LOS ANGELES – "Fast & Furious" left the competition in the dust with a $72.5 million opening weekend, the best so far this year.
That topped last weekend's $59.3 million debut for DreamWorks Animation's "Monsters vs. Aliens," which slipped to second place with $33.5 million, raising its 10-day total to $105.7 million, according to studio estimates Sunday.
Universal's "Fast & Furious" also raced to a record for April debuts, easily passing the previous best of $42.2 million set in 2003 by "Anger Management."
It was a blockbuster opening more customary to summer. But Hollywood has been extending its busy season more and more by placing summer-style flicks earlier in the year.
"It's summer time in April," said Paul Dergarabedian, president of box office tracker Media By Numbers. "We've seen the summer season stretch from what used to be Memorial Day through Labor Day, then the first of May through Labor Day. Now maybe with `Fast & Furious,' it's going to be early April as the beginning of summer."
The weekend's other new wide release, Miramax's 1980s nostalgia comedy "Adventureland," debuted at No. 6 with $6 million. The movie stars Jesse Eisenberg and Kristen Stewart as summer workers at a second-rate theme park in the late '80s.

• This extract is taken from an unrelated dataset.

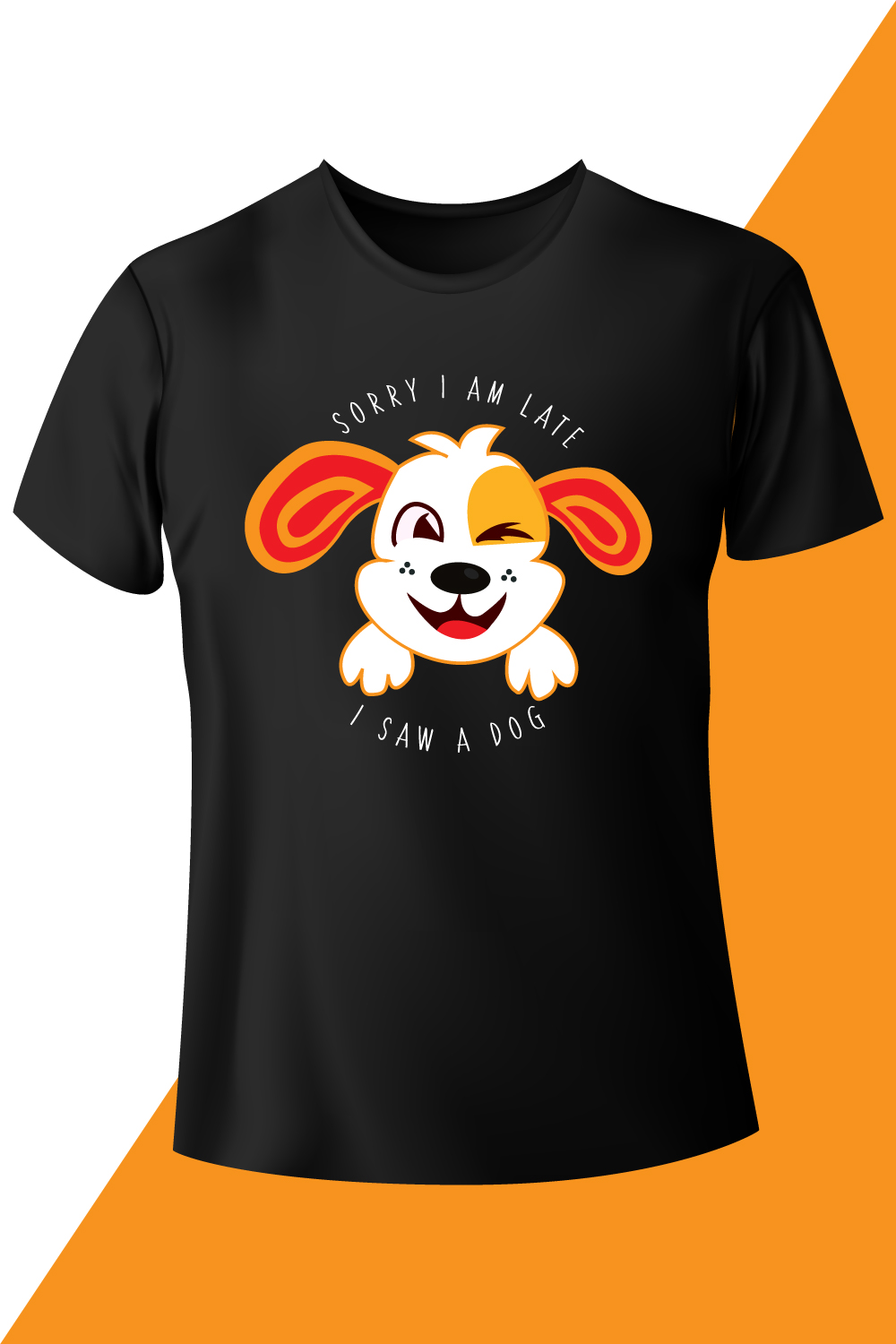 Image of a black t-shirt with a unique dog print and lettering.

The fourth installment of the "Fast and the Furious" street-racing franchise brings back the four stars of the 2001 original — Vin Diesel, Paul Walker, Michelle Rodriguez and Jordana Brewster. The new movie has Diesel's fugitive driver and Walker's undercover cop reteaming for more illegal races as they take on a murderous drug lord.
The reunion paid off for distributor Universal, which also pulled in $30.1 million in 32 other countries where "Fast & Furious" was playing.

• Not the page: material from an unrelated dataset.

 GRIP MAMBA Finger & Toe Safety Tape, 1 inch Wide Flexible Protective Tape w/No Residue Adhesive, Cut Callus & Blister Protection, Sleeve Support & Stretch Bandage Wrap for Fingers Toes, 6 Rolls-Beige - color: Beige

The original was a surprise hit, but the franchise was slowly running out of gas after the sequel "2 Fast 2 Furious," which starred Walker. Part three, "The Fast and the Furious: Tokyo Drift," had a new cast and took in a solid but unremarkable $62.5 million over its entire run.
But "Tokyo Drift" ended with a cameo by Diesel, sparking interest in reviving the series with the "Fast & Furious" reunion.
"The marketing campaign let everyone know it's not what you've seen before. It's the original cast," said Nikki Rocco, head of distribution for Universal. "For the audience, the first main reason to see the movie was the action, then the car racing, then Vin Diesel."
"Fast & Furious" paced Hollywood to another huge weekend, with overall revenues at $160 million, up 68 percent from the same period last year.
For the year, domestic revenues are running at a record pace of $2.57 billion, up 14.5 percent from 2008's, according to Media By Numbers. Factoring in 2009's higher ticket prices, movie attendance is running 12.8 percent ahead of last year's.
"The title of this movie perfectly describes the box office year of 2009. Fast and furious," Dergarabedian said.